**Task to carry out**
With the pictures left out, write out exactly the lines of the listing below that run from the line with "Colchão Signatur Molaflex" through the line with "Camo Baseball Youth Tee".

**Source information**
^^^^^^^^^^^^^^^^
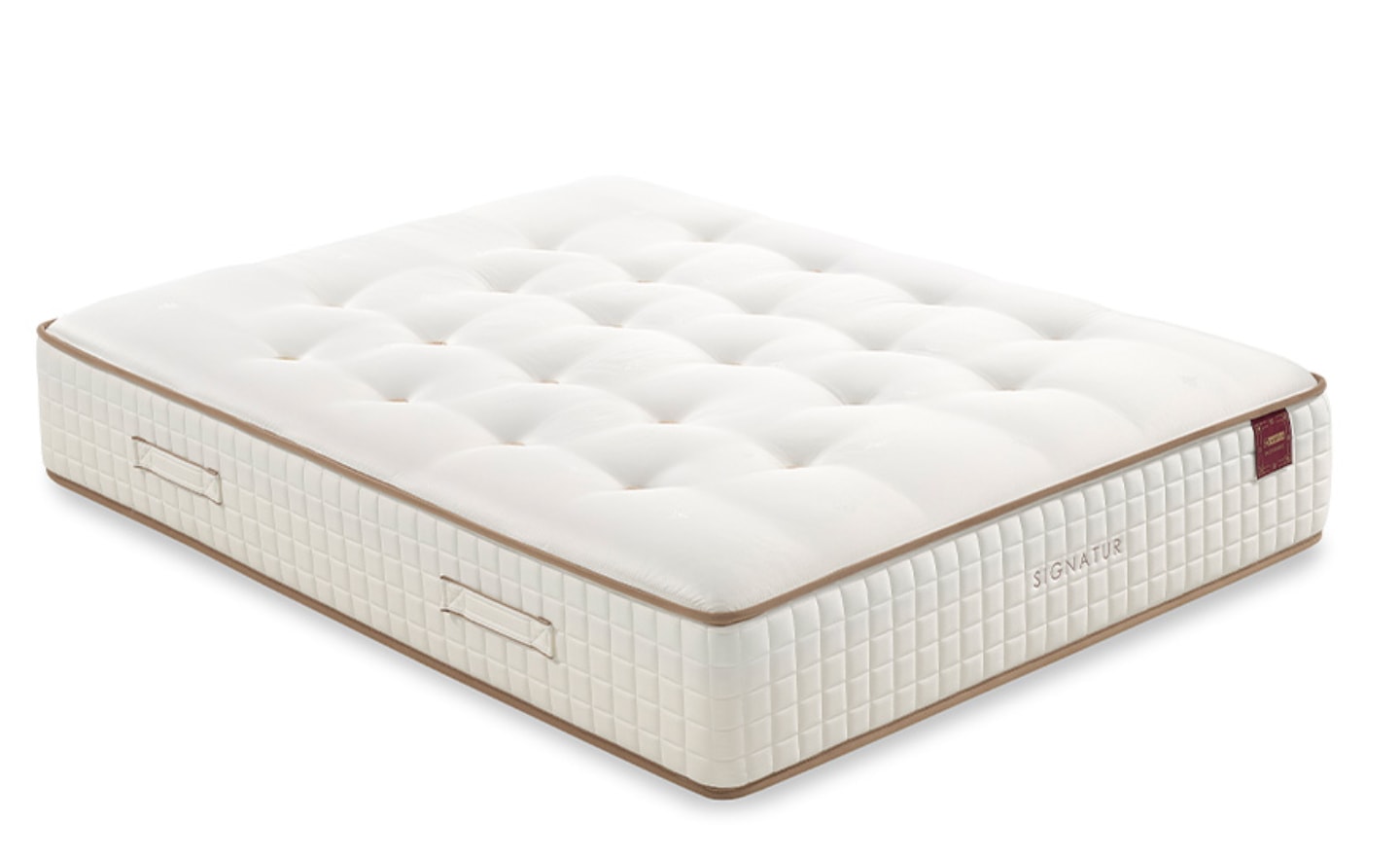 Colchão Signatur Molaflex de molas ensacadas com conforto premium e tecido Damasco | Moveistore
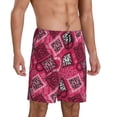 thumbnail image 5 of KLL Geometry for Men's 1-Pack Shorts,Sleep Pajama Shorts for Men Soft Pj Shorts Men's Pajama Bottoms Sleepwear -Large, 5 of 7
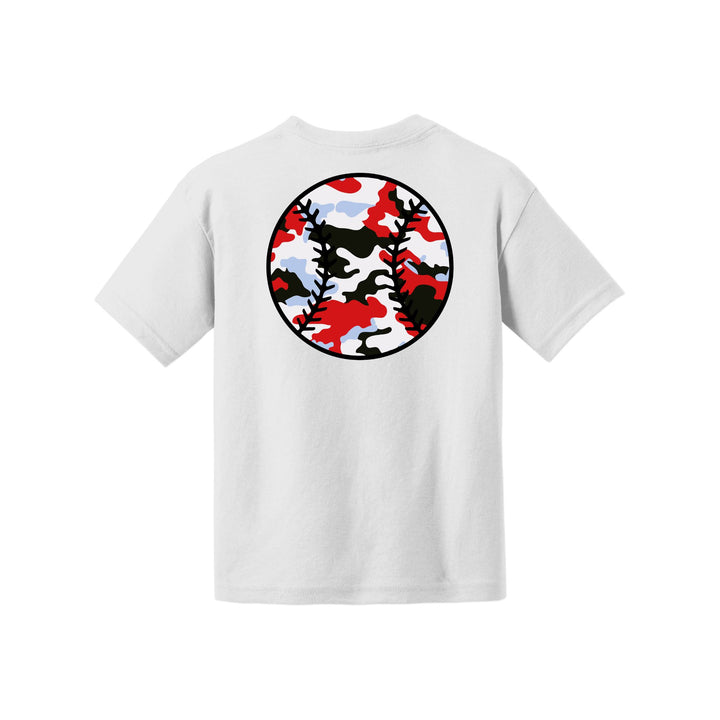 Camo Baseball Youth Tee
^^^^^^^^^^^^^^^^
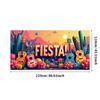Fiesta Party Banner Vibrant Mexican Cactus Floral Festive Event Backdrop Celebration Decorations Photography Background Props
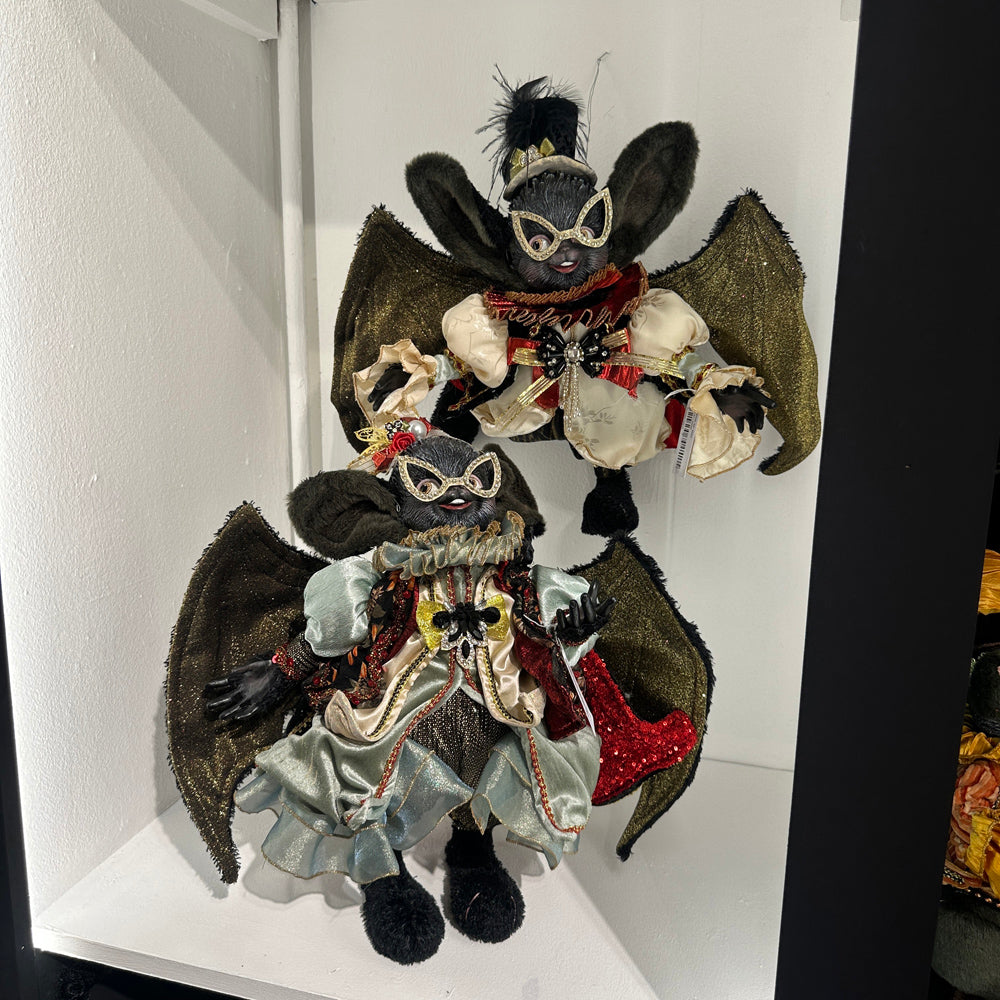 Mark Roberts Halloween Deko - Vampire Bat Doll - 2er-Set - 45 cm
^^^^^^^^^^^^^^^^
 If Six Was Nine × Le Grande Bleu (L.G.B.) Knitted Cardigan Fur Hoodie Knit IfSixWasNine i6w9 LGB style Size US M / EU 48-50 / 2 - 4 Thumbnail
^^^^^^^^^^^^^^^^
**Result of the task**
 Colchão Signatur Molaflex de molas ensacadas com conforto premium e tecido Damasco | Moveistore
 thumbnail image 5 of KLL Geometry for Men's 1-Pack Shorts,Sleep Pajama Shorts for Men Soft Pj Shorts Men's Pajama Bottoms Sleepwear -Large, 5 of 7
 Camo Baseball Youth Tee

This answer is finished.